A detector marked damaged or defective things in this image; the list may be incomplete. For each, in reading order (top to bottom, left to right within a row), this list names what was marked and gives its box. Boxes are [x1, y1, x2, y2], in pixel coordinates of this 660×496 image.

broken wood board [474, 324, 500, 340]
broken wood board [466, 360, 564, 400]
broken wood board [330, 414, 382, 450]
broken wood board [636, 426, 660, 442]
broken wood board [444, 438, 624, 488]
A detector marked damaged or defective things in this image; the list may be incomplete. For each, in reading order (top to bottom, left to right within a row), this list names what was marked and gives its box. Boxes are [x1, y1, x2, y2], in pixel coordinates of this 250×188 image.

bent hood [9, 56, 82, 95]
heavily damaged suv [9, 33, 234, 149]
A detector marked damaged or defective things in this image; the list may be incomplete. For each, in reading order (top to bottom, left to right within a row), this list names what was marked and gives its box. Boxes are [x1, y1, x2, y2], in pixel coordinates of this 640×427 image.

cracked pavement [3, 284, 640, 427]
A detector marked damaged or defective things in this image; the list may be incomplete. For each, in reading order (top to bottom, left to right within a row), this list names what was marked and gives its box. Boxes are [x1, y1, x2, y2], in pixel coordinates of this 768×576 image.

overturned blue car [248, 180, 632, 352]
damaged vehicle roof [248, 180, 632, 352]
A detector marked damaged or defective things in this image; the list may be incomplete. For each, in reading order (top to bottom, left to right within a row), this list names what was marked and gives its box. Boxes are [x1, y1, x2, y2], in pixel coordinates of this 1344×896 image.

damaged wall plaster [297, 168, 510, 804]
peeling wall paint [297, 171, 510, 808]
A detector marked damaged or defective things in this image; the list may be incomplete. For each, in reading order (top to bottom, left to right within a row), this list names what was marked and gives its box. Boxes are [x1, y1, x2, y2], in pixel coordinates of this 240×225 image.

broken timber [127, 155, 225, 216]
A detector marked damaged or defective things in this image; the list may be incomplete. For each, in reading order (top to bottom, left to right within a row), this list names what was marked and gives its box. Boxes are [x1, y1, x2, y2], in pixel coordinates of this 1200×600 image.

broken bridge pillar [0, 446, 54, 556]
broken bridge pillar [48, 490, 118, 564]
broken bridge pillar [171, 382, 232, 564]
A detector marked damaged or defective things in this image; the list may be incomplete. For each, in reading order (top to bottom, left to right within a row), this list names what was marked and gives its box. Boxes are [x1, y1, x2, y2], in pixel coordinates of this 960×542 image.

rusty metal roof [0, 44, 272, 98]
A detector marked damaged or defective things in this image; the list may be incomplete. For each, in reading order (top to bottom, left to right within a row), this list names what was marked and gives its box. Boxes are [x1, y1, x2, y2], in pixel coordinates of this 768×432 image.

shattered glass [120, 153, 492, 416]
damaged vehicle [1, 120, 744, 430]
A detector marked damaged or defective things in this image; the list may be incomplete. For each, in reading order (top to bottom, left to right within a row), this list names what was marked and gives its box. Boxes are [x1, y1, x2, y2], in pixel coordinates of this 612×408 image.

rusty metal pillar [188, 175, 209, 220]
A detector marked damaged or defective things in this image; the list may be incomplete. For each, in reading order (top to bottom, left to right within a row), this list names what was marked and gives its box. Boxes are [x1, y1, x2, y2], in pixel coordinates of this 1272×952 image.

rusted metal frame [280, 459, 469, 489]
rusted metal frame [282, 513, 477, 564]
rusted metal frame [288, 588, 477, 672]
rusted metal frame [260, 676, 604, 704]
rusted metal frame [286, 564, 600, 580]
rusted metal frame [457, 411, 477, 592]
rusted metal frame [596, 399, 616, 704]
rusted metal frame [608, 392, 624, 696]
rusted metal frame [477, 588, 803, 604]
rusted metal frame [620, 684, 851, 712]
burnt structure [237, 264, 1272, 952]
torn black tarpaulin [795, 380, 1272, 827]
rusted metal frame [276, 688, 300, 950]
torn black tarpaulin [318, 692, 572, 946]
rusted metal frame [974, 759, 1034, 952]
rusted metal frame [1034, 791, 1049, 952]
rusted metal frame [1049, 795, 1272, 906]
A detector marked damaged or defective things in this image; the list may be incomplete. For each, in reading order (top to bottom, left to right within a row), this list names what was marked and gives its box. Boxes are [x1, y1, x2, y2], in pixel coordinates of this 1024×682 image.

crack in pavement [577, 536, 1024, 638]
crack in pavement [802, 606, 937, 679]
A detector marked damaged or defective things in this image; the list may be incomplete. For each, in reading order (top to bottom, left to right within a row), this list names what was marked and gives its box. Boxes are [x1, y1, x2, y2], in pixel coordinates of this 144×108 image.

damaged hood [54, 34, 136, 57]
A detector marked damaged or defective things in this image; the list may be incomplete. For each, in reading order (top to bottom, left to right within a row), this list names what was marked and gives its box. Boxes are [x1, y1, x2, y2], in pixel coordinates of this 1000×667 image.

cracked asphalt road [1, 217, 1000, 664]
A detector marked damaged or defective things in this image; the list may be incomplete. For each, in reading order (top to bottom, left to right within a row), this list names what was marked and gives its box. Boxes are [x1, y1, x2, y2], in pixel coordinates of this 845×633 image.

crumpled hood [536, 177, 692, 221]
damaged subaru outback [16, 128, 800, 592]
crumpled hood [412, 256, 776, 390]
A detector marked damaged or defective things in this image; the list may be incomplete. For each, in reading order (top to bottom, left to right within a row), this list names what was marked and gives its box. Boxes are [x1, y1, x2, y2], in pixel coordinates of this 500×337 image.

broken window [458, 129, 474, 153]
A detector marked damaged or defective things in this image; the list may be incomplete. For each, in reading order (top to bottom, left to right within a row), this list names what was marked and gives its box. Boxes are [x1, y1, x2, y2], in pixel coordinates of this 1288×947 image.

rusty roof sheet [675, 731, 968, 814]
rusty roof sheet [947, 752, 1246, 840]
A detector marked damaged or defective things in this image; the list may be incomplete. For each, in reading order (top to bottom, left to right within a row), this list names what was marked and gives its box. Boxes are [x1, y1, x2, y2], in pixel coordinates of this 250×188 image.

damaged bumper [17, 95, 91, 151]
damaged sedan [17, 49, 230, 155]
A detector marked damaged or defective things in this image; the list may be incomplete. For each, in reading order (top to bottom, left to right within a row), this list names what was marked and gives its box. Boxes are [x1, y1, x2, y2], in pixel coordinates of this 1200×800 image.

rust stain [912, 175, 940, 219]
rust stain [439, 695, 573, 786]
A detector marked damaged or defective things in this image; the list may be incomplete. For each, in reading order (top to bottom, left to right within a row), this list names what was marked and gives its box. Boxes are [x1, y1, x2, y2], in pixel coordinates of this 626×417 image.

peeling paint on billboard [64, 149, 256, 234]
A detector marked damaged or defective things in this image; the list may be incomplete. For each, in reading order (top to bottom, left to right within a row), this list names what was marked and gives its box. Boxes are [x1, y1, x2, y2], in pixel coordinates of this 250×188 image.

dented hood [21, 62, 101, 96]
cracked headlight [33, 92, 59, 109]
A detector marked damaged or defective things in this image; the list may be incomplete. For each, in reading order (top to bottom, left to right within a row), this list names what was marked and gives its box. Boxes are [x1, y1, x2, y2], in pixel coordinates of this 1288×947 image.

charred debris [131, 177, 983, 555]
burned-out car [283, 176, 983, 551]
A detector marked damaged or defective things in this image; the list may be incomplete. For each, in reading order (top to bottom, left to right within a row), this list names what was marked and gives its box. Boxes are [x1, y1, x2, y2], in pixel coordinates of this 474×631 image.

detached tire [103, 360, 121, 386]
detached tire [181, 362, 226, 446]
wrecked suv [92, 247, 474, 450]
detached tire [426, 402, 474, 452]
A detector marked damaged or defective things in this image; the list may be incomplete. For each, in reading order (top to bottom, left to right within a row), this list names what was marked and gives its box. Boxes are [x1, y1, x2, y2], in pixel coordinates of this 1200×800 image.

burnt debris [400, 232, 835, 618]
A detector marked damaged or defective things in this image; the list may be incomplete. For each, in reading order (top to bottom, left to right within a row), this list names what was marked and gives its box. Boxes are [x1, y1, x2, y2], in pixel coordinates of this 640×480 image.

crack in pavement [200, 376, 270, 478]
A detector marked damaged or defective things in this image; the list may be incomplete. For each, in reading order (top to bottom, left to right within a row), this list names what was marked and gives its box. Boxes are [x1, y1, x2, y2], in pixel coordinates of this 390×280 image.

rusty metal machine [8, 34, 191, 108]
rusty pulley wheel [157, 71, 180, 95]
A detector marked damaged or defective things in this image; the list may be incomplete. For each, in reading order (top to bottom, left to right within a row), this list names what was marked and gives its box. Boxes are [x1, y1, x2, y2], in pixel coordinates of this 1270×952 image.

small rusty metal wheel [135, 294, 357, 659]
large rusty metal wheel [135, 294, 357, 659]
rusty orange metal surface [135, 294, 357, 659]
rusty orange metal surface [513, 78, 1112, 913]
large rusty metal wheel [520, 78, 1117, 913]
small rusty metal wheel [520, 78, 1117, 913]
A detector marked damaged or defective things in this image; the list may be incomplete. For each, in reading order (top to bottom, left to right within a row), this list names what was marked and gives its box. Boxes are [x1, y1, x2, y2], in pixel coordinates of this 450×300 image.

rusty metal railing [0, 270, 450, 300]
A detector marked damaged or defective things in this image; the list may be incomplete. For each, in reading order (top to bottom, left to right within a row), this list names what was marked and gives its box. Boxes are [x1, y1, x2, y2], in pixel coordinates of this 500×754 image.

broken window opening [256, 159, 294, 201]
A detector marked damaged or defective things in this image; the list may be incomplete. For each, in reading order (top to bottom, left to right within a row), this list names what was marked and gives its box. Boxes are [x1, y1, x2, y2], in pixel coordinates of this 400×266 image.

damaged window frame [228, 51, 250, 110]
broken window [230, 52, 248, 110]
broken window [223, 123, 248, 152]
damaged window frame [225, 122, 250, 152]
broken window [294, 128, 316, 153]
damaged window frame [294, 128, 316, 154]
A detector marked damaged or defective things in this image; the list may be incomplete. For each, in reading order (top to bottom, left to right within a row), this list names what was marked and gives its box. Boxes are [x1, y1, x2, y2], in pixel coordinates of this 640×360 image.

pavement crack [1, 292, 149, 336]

▸ Assigned task:
Transcribe nothing except the lines from the one with "this 640×360 image." through the end of the data above, each exactly as it appears.

▸ Problem solution:
A detector marked damaged or defective things in this image; the list may be incomplete. For each, in reading order (top to bottom, left to right within a row), this list names what was marked and gives its box. Boxes are [x1, y1, x2, y2], in pixel coordinates of this 640×360 image.

pavement crack [1, 292, 149, 336]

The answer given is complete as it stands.